No those are great! Dont sell yourself short 

Just practise


----------



## horseloverd2 (Jan 23, 2009)

I like them marlea!!! The vision is awesome, I'm especially in love with the cloud one!!!
_Posted via Mobile Device_


----------



## LoveStory10 (Oct 31, 2009)

I think they are all wonderful!


----------



## PintoTess (Aug 18, 2010)

Dang, I haven't got GIMP, I have photoshop


----------



## LoveStory10 (Oct 31, 2009)

I had Gimp, but i now have Photoshop... All the edits i posted above are my old ones from when i had it
_Posted via Mobile Device_


----------



## Marlea Warlea (Apr 27, 2010)

oh shucks thanx guys  everyone is really good


----------



## fuadteagan (Jun 10, 2010)

My are just some ones that I use lyrics from songs. Songs are my inspiration. This song is called "my mind is on you"
this is crap, but I want to upload more..... I just made this today and had to finish it like in 10 minutes


----------



## Horsesdontlie (Mar 11, 2011)

Kudos for all of you who use GIMP. I had corel paintshop pro for a while and loved it, then I lost it when my computer crashed and have had to stick with GIMP. Sorry to say I hate it. I can't ever figure out how to do anything. I'll try to find some work. I mostly did a little sketching in it, but Idk about manips.


----------



## fuadteagan (Jun 10, 2010)

I just thought of this one in my head. I like the background and the words just curse my horrible, shaky hand and the darn free select!and the horse!!LOL


----------



## omgpink (Aug 16, 2008)

I dont really do manips but I do all of my drawings in GIMP. 

Heres one of my manips: 
Old by Heaven-At-Night-123 on deviantART

and a drawing:
Heaven-At-Night-123's deviantART Gallery


----------



## fuadteagan (Jun 10, 2010)

I am working on more,


----------



## Endiku (Dec 6, 2010)

oh _wow_ guys. These are amazing. And fuadteagan...WOOW. That's foal looks so realistic, I thought it was a photograph for a moment xD

I've only been using gimp for about a month and a half now, but heres a few I've done.
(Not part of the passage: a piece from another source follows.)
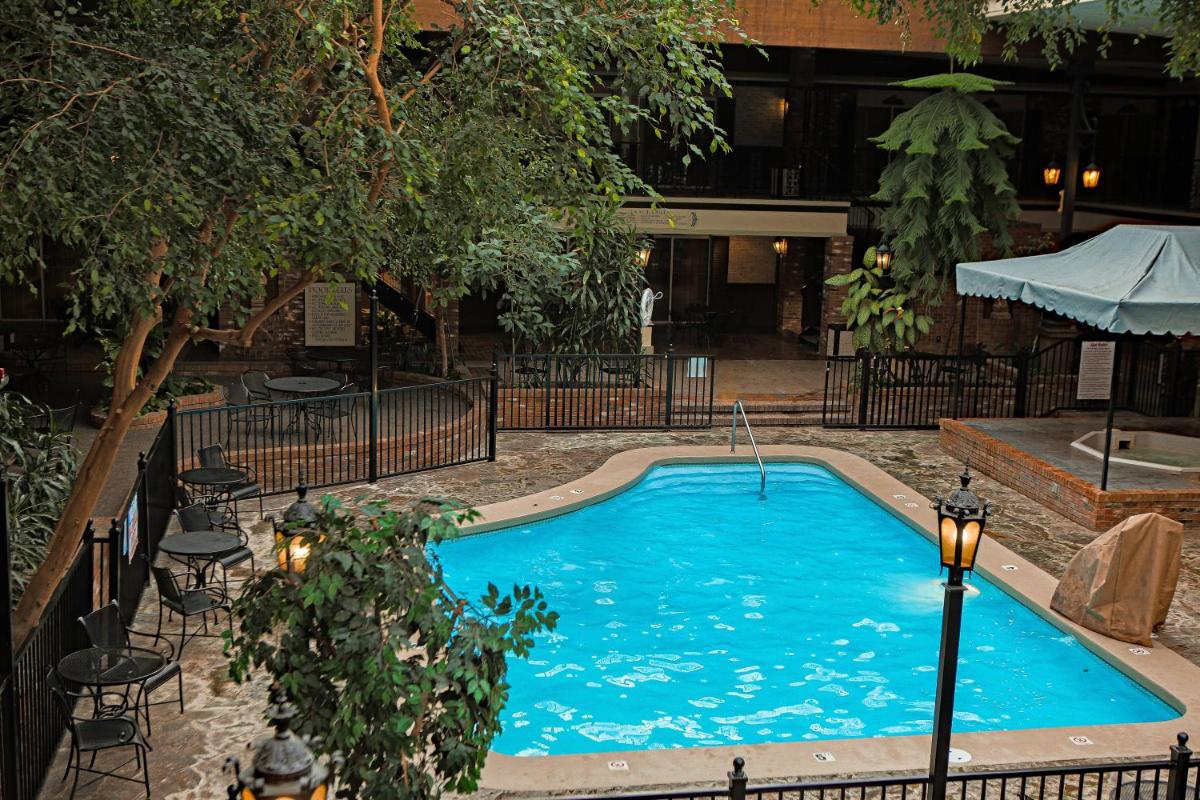 Heritage Inn - Housity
here's one of the very first ones I did. Not very good xD


















one of my favorites


----------



## Marlea Warlea (Apr 27, 2010)

how do you get it so perfect??


----------



## Endiku (Dec 6, 2010)

I personally spend a LOT of time cutting my pictures. I use a very small brush to erase, and blend the sharp edges when I'm done. It takes practice ^^


----------



## Marlea Warlea (Apr 27, 2010)

ok, also how do you get mist etc and how do you draw using giimp, my pics look like a 2 year old did them (im not joking)


----------



## Endiku (Dec 6, 2010)

theres probably a better way, but what I did was I made a new layer, then drew a few large white dots onto the layer and began to bled them. After a while you can make them so thin that they're transparent, and then you shape it onto the horse's legs. It takes a while but its worth it xD


----------



## Marlea Warlea (Apr 27, 2010)

lol cool, also how do you put fog in etc


----------



## Endiku (Dec 6, 2010)

I just told you


----------



## Marlea Warlea (Apr 27, 2010)

you did??


----------



## PintoTess (Aug 18, 2010)

These are great! Makes me want to do a little editin'


----------